—¡QUIERO VER A MI COMPAÑERO! —chillaba Ferdinard por el pequeño comunicador de su cabecero. Había estado pidiendo ver a alguien durante un rato, había preguntado dónde estaba y había exigido que le dejaran marcharse, pero solo había obtenido un breve «Pronto, señor» en un feo tono monocorde y monótono.
Ahora estaba furioso.
Estaba a punto de gritar algo más cuando la puerta de su espacioso compartimento se abrió.

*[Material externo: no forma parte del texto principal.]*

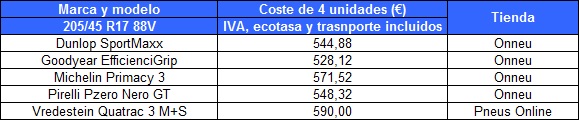 tabla-comparacion-precios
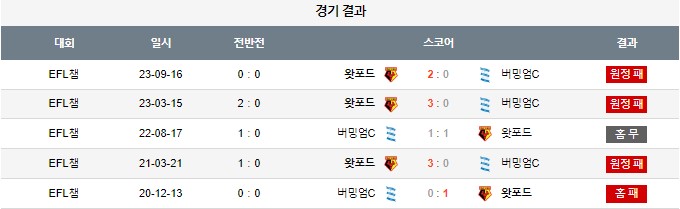 스포츠중계,무료스포츠중계,해외스포츠중계
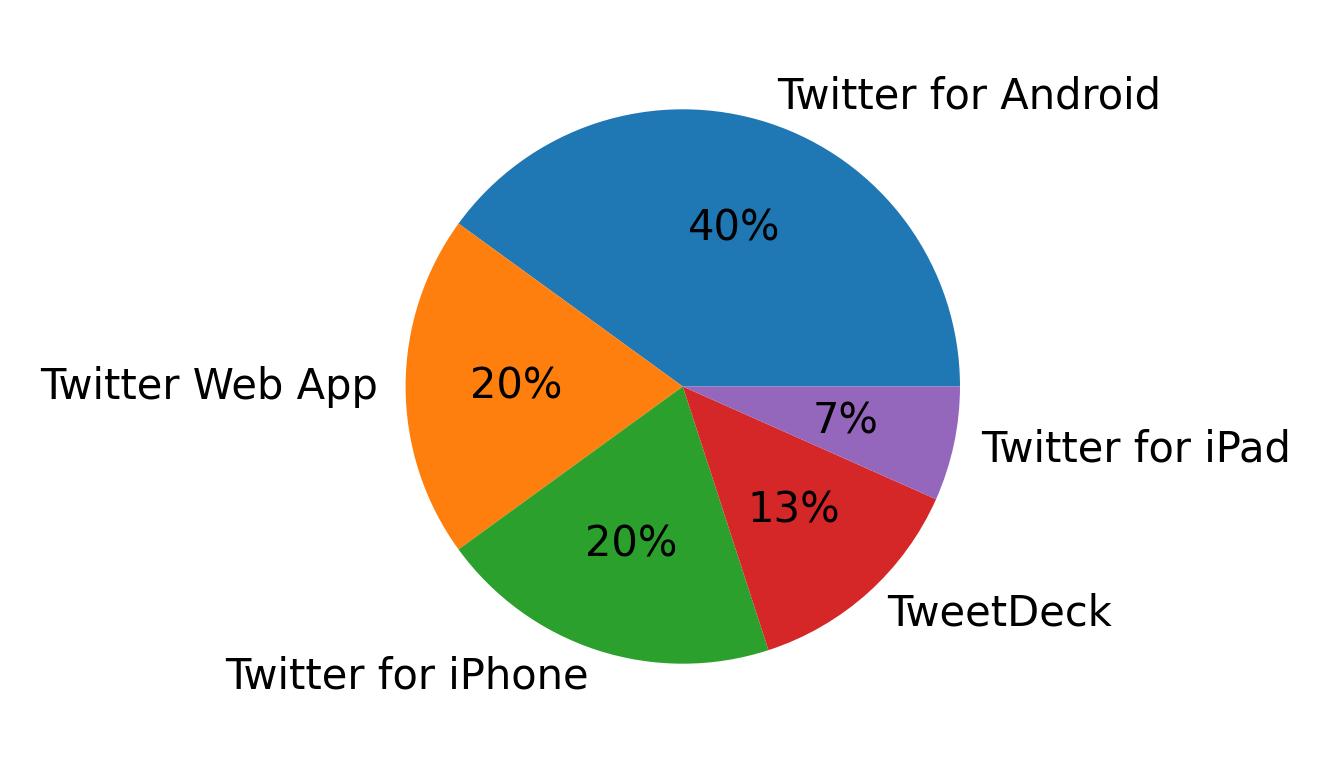 Dispositivos utilizados para tweetar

Un par de hombres vestidos de blanco con brazaletes médicos en ambos brazos entraron en la habitación.
—¡Por fin! —exclamó.
Luego vio a alguien más: era Malhereux, vestido con un traje de rehabilitación blanco. El panel en su pecho desplegaba una tranquilizadora luz verde.
—Mal…
—¡Fer! —exclamó su socio—. ¡Por las galaxias, Fer, estás bien!
—¡Eso creo! —dijo su compañero—. ¿Y tú?
Un par de hombres vestidos con trajes elegantes accedieron a la sala detrás de Malhereux.

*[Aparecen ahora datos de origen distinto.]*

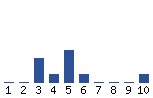 Voting Graph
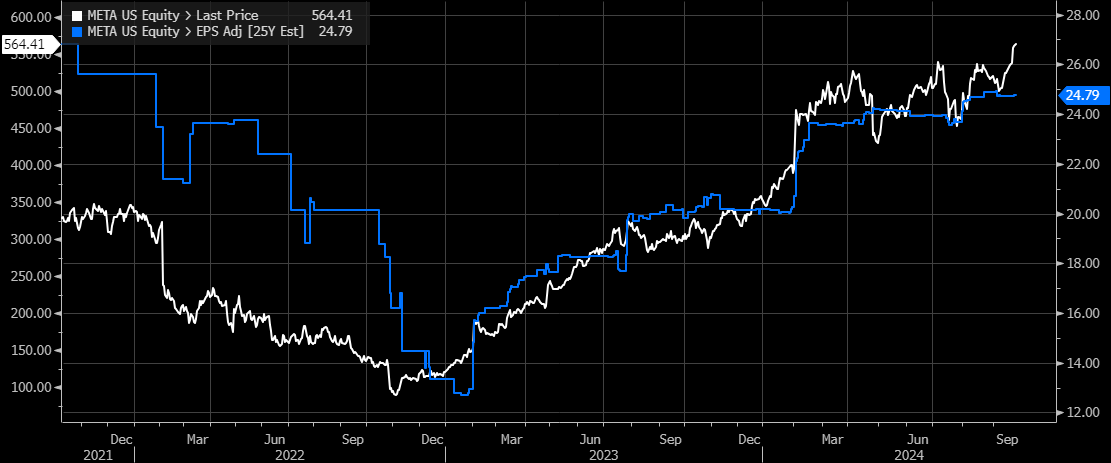 Meta US Equity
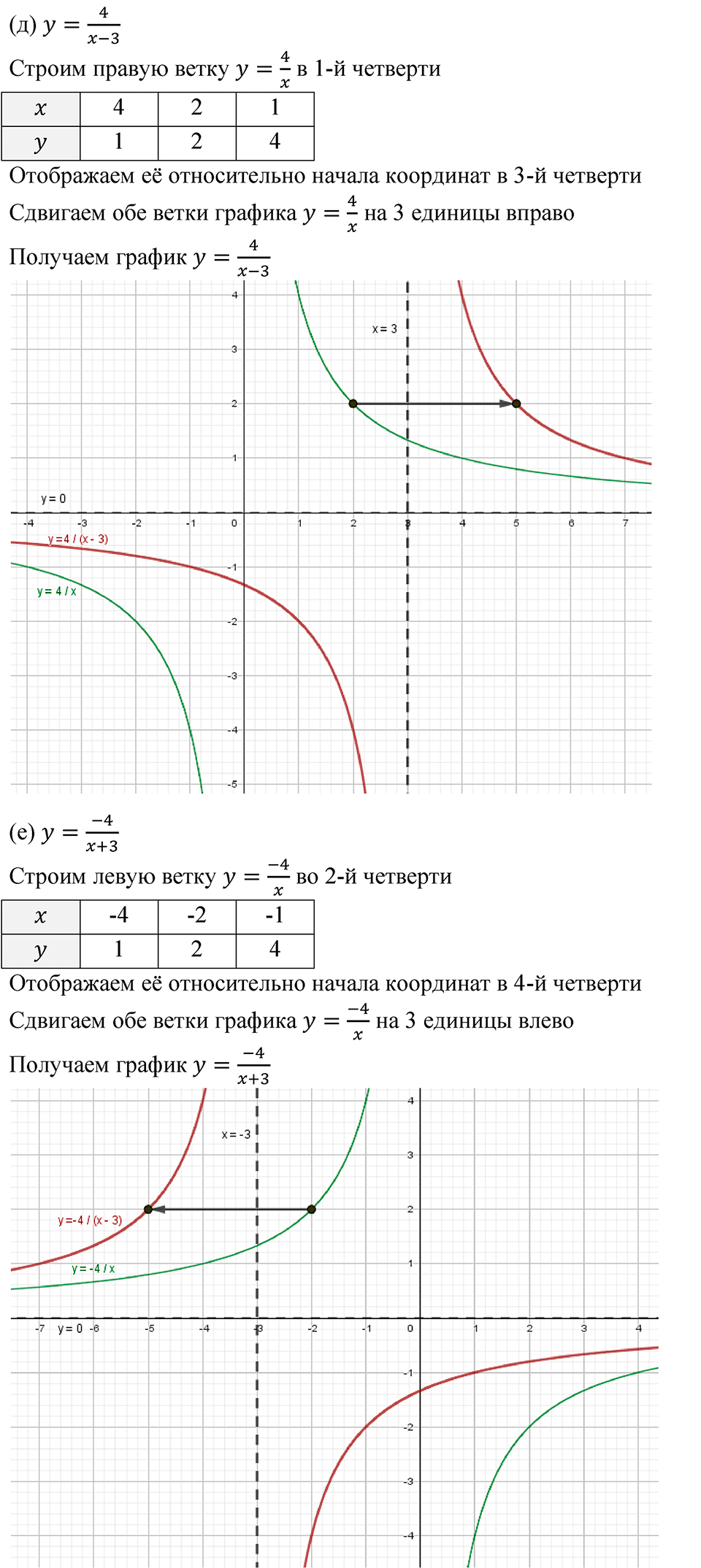 Номер 506 — решение 3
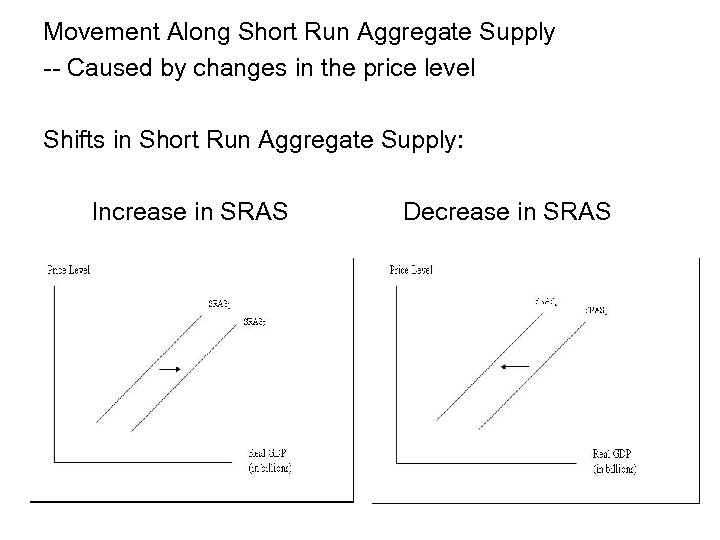 Movement Along Short Run Aggregate Supply -- Caused by changes in the price level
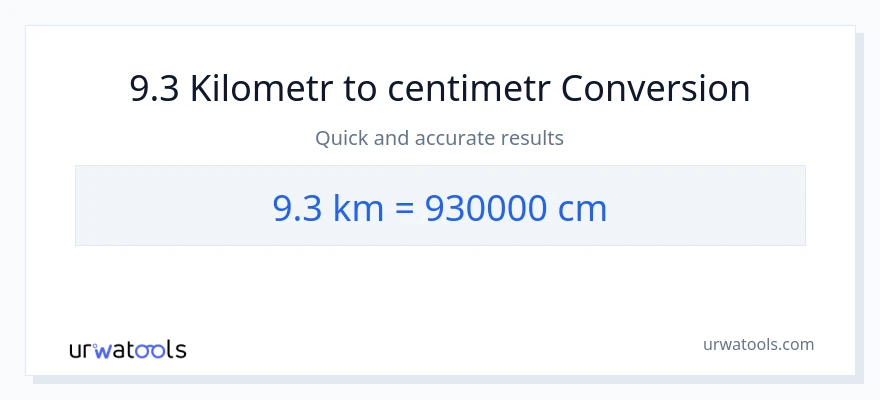 Konverze z Kilometry na Centimetry: 9.3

—¡Claro que está bien! —dijo uno de ellos—. ¡Todos estamos bien! ¡Por favor, tomen asiento!
Unos pequeños asientos de color blanco brotaron de los paneles de la pared con una ausencia total de ruido.
—¿Qué es lo que pasa? —preguntó Ferdinard.
—¡Dímelo tú!
—¡Ah, cuánta impaciencia y excitación! —dijo el hombre extendiendo los brazos—. ¡Es sin duda una buena noticia!, ¡estamos todos eufóricos! Pero siéntense, por favor, y les explicaré.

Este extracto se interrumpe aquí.